ASSIGNMENT:
When you reach the line containing "Samsung Galaxy M2" in the data below, reproduce it and every line that follows, exactly and without additions.

DATA SUPPLIED:
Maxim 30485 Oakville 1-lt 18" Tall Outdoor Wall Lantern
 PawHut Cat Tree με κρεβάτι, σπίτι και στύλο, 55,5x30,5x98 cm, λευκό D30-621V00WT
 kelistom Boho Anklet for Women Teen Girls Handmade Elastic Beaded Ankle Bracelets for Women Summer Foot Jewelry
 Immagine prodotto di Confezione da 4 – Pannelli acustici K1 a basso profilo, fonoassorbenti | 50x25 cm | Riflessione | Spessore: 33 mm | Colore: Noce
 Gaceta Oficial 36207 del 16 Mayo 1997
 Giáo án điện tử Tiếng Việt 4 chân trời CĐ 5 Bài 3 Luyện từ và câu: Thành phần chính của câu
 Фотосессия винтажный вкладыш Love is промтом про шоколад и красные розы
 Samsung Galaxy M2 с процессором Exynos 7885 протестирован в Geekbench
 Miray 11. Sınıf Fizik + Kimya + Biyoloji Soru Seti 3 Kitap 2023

RESULT OF THE TASK:
 Samsung Galaxy M2 с процессором Exynos 7885 протестирован в Geekbench
 Miray 11. Sınıf Fizik + Kimya + Biyoloji Soru Seti 3 Kitap 2023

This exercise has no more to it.